结果差不多。由此找到了产生等待的SQL语句,我们查询一下:

SELECT * FROM CNSL.ORGANIZATION o WHERE O.QUOTA_UNUSED >= 1

AND O.BANK_ID IN ( '17856' , '05612' )

AND O.PRO_ID = 'HSB201602';

Oracle等待事件队列等待之TX - row lock contention

查询出来也就2行的数据,说明整个过程中,500多的会话就在更新这2条记录,那肯定会产生行锁等待的。

ADDM的建议

最后突然想到了ADDM,于是做了个ADDM查询。

DECLARE

TASK_NAME VARCHAR2(50) := 'HEALTH_CHECK_BY_LHR';

TASK_DESC VARCHAR2(50) := 'HEALTH_CHECK_BY_LHR';

TASK_ID NUMBER;

BEGIN

DBMS_ADVISOR.CREATE_TASK('ADDM', TASK_ID, TASK_NAME, TASK_DESC, NULL);

DBMS_ADVISOR.SET_TASK_PARAMETER(TASK_NAME, 'START_SNAPSHOT', 1145);

DBMS_ADVISOR.SET_TASK_PARAMETER(TASK_NAME, 'END_SNAPSHOT', 1148);

DBMS_ADVISOR.SET_TASK_PARAMETER(TASK_NAME, 'INSTANCE', 1);

DBMS_ADVISOR.SET_TASK_PARAMETER(TASK_NAME, 'DB_ID', 3860591551);

DBMS_ADVISOR.EXECUTE_TASK(TASK_NAME);

EXCEPTION

WHEN OTHERS THEN

NULL;

END;

/

执行完成后ADDM报告就创建好了,然后我们用函数DBMS_ADVISOR.GET_TASK_REPORT来获取报告:

SELECT DBMS_ADVISOR.GET_TASK_REPORT('HEALTH_CHECK_BY_LHR', 'TEXT', 'ALL') ADDM_RESULTS

FROM DUAL;

Oracle等待事件队列等待之TX - row lock contention

查看ADDM具体内容,重要的内容我用红色标注出来了:

ADDM Report for Task 'HEALTH_CHECK_BY_LHR'

------------------------------------------

Analysis Period

---------------

AWR snapshot range from 1145 to 1148.

Time period starts at 31-AUG-16 05.33.52 PM

Time period ends at 31-AUG-16 06.14.36 PM

Analysis Target

---------------

Database 'ORACNSL' with DB ID 3860591551.

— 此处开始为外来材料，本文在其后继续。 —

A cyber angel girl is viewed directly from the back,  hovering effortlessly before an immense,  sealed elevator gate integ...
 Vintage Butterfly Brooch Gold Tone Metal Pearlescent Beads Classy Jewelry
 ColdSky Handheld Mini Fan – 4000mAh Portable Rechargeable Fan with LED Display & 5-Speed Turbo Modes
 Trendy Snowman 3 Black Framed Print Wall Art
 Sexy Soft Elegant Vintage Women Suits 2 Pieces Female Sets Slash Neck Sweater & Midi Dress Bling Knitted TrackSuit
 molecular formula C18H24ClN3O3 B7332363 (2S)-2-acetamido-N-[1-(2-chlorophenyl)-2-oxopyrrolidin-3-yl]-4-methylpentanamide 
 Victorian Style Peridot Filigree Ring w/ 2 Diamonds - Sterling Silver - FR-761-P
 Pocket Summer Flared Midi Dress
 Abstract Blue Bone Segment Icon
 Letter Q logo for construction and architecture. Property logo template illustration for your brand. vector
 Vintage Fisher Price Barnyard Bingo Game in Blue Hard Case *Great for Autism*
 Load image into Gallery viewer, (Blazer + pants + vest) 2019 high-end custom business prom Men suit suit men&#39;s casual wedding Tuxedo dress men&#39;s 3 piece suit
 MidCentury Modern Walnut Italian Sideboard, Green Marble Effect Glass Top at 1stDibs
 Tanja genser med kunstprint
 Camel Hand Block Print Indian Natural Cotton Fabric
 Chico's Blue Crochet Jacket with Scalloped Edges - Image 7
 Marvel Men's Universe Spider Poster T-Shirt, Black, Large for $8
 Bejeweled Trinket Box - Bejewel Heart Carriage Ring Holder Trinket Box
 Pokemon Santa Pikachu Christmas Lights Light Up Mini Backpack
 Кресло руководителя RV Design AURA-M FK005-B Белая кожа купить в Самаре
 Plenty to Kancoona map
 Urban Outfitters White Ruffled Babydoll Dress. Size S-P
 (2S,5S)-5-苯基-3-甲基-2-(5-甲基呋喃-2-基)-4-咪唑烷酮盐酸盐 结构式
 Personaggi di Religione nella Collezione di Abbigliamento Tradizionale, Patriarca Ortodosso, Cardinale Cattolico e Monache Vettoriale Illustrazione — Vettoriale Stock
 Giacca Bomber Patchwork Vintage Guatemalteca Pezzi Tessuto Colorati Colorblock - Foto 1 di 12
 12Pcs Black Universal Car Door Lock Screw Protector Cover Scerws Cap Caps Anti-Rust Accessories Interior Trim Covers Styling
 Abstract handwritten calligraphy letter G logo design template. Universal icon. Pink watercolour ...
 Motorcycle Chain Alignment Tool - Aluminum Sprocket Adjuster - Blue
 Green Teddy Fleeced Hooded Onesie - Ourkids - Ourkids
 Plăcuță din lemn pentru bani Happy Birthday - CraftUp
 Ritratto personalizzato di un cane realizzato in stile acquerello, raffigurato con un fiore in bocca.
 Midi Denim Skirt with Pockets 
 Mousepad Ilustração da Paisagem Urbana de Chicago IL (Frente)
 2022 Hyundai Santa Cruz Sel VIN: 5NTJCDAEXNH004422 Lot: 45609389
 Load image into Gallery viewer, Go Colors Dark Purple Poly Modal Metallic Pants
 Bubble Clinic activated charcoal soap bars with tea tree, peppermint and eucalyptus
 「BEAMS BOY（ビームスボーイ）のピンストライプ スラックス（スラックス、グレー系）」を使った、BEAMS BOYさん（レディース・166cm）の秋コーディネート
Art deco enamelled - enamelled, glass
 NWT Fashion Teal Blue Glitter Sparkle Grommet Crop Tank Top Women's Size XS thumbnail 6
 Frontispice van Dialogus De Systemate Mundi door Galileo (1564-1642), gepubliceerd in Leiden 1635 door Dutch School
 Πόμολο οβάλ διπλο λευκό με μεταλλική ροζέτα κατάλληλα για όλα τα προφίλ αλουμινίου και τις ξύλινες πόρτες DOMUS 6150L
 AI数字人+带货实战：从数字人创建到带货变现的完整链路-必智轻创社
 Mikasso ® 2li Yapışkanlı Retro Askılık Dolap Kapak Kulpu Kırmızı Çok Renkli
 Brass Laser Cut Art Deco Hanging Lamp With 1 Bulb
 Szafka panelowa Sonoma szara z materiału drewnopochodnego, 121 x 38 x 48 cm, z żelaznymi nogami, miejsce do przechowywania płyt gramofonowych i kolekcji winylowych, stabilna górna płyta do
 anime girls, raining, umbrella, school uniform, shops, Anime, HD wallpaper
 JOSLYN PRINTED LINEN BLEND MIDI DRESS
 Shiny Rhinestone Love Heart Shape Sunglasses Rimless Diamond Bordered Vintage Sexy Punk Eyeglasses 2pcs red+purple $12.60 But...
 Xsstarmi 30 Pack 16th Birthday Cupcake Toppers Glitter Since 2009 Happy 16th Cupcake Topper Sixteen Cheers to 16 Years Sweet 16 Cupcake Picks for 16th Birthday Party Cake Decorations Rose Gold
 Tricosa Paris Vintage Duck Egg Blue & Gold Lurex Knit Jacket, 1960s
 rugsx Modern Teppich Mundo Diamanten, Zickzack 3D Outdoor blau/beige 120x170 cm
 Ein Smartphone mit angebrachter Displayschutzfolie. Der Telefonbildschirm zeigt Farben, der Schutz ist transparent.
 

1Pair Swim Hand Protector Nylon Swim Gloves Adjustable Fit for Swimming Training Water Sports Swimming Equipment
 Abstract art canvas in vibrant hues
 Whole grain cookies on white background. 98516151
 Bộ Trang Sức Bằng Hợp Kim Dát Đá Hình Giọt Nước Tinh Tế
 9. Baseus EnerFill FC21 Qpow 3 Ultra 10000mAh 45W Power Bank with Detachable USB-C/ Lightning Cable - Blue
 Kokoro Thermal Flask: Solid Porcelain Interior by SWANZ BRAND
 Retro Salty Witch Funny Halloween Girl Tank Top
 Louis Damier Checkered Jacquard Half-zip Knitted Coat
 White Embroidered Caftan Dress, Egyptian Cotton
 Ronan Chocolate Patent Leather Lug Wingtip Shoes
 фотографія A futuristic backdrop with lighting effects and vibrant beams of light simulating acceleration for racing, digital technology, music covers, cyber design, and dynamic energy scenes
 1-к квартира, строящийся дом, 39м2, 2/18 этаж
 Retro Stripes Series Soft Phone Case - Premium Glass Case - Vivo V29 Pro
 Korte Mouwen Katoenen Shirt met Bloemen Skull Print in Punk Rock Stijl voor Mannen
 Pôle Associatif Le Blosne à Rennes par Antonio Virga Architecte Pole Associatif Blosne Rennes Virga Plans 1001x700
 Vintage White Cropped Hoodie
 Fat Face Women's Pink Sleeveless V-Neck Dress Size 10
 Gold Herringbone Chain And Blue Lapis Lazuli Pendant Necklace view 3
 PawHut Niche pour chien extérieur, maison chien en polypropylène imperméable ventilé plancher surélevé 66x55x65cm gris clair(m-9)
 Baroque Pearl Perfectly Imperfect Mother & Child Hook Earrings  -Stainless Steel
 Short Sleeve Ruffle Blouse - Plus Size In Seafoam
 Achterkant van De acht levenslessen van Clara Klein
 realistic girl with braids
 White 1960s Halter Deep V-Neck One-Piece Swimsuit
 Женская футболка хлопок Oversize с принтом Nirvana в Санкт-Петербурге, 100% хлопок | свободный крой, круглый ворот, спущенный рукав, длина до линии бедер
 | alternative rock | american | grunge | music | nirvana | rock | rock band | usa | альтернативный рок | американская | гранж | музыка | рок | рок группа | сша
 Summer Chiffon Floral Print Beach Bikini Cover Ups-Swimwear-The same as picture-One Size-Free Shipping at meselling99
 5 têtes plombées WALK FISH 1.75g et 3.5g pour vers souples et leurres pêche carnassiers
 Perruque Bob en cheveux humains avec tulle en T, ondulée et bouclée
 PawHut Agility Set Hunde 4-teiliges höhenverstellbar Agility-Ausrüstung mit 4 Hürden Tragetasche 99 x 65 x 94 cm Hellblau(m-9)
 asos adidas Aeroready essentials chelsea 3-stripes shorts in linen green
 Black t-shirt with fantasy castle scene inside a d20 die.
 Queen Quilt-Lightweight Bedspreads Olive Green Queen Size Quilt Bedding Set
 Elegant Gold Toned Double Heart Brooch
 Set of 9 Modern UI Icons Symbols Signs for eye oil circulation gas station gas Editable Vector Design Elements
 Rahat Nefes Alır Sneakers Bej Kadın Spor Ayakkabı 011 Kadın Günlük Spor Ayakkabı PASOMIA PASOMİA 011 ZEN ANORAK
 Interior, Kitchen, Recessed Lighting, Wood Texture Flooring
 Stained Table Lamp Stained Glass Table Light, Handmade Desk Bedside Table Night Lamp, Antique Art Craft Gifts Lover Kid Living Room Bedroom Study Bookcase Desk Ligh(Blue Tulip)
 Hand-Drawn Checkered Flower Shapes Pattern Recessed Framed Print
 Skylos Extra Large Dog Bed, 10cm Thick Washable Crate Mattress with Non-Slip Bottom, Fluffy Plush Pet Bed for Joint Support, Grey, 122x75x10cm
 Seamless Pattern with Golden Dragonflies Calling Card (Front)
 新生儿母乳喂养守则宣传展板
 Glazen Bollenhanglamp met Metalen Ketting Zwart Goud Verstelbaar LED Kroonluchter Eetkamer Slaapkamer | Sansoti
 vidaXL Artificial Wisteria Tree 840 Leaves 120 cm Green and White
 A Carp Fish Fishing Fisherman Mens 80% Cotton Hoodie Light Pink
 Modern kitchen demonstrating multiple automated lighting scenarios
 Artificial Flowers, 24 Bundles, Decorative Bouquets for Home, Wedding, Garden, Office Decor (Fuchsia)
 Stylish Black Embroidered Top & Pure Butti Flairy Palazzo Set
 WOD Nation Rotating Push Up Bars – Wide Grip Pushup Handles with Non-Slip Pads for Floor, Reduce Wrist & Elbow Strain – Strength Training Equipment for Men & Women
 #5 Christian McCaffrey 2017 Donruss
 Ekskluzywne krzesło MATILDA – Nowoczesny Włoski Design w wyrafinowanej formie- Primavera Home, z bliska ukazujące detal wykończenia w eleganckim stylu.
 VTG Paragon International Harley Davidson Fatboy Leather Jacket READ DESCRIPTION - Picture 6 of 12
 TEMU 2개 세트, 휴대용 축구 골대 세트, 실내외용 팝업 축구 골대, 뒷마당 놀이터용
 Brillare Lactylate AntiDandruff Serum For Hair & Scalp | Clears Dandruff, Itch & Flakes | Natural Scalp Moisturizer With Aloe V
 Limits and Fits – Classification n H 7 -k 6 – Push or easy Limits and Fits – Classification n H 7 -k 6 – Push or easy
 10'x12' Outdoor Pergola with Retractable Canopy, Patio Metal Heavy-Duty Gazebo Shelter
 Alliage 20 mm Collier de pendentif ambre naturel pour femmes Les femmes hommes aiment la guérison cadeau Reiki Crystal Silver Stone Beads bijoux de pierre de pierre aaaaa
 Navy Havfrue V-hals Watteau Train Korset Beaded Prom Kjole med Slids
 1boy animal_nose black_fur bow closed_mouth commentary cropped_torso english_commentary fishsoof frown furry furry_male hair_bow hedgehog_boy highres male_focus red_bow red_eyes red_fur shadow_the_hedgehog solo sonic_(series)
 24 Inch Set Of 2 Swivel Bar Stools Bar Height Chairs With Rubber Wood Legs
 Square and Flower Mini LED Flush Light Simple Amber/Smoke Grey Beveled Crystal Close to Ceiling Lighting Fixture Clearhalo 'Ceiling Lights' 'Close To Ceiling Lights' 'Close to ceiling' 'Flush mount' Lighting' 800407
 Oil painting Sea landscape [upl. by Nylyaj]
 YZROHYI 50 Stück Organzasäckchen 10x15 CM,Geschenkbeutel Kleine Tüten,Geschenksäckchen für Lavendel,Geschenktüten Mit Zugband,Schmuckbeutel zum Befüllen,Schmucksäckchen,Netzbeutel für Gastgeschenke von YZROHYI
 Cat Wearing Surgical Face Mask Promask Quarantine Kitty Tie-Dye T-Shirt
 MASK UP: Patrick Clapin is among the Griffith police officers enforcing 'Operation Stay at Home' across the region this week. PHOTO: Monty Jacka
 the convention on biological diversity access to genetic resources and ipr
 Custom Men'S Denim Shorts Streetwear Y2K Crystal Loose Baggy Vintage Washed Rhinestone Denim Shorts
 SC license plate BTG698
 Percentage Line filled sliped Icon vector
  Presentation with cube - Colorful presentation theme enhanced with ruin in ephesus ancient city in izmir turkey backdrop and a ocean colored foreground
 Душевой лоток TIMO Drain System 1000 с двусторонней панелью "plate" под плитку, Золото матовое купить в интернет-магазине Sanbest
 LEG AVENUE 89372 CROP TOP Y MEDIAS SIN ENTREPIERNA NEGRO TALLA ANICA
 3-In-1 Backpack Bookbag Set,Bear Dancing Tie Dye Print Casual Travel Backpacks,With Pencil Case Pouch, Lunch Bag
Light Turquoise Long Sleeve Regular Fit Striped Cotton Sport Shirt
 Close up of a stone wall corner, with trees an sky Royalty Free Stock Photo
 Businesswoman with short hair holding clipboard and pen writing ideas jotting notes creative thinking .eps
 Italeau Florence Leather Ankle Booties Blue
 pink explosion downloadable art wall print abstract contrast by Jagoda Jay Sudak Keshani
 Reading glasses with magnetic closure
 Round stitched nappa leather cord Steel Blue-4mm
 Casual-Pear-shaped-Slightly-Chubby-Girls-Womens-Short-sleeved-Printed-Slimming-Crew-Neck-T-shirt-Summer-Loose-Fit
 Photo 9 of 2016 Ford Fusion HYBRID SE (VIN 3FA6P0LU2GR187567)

Database version 11.2.0.4.0.

ADDM performed an analysis of instance oraCNSL1, numbered 1 and hosted at

ZFCNSLDB1.

Activity During the Analysis Period

-----------------------------------

Total database time was 910831 seconds.

The average number of active sessions was 372.68.

Summary of Findings

-------------------

Description Active Sessions Recommendations

Percent of Activity

------------------------- ------------------- ---------------

1 Top SQL Statements 371.83 | 99.77 1

2 Row Lock Waits 350.15 | 93.96 1

3 Buffer Busy - Hot Objects 20.62 | 5.53 1

4 Buffer Busy - Hot Block 20.6 | 5.53 2

5 "Cluster" Wait Class 17.7 | 4.75 0

6 Global Cache Messaging 5.86 | 1.57 1

Findings and Recommendations

----------------------------

Finding 1: Top SQL Statements

Impact is 371.83 active sessions, 99.77% of total activity.

-----------------------------------------------------------

SQL statements consuming significant database time were found. These

statements offer a good opportunity for performance improvement.

Recommendation 1: SQL Tuning

Estimated benefit is 371.83 active sessions, 99.77% of total activity.

----------------------------------------------------------------------

Action

Investigate the UPDATE statement with SQL_ID "1cmnjddakrqbv" for

possible performance improvements. You can supplement the information

given here with an ASH report for this SQL_ID.

Related Object

SQL statement with SQL_ID 1cmnjddakrqbv.

update organization o set o.quota_unused =

o.quota_unused-:1,o.mod_date = systimestamp where o.quota_unused >=

:2 and o.bank_id=:3 and o.pro_id=:4

Rationale

The SQL spent only 4% of its database time on CPU, I/O and Cluster

waits. Therefore, the SQL Tuning Advisor is not applicable in this case.

Look at performance data for the SQL to find potential improvements.

Rationale

Database time for this SQL was divided as follows: 100% for SQL

execution, 0% for parsing, 0% for PL/SQL execution and 0% for Java

execution.

Rationale

SQL statement with SQL_ID "1cmnjddakrqbv" was executed 377427 times and

had an average elapsed time of 2.4 seconds.

Rationale

Waiting for event "enq: TX - row lock contention" in wait class

"Application" accounted for 94% of the database time spent in processing

the SQL statement with SQL_ID "1cmnjddakrqbv".

Finding 2: Row Lock Waits

Impact is 350.15 active sessions, 93.96% of total activity.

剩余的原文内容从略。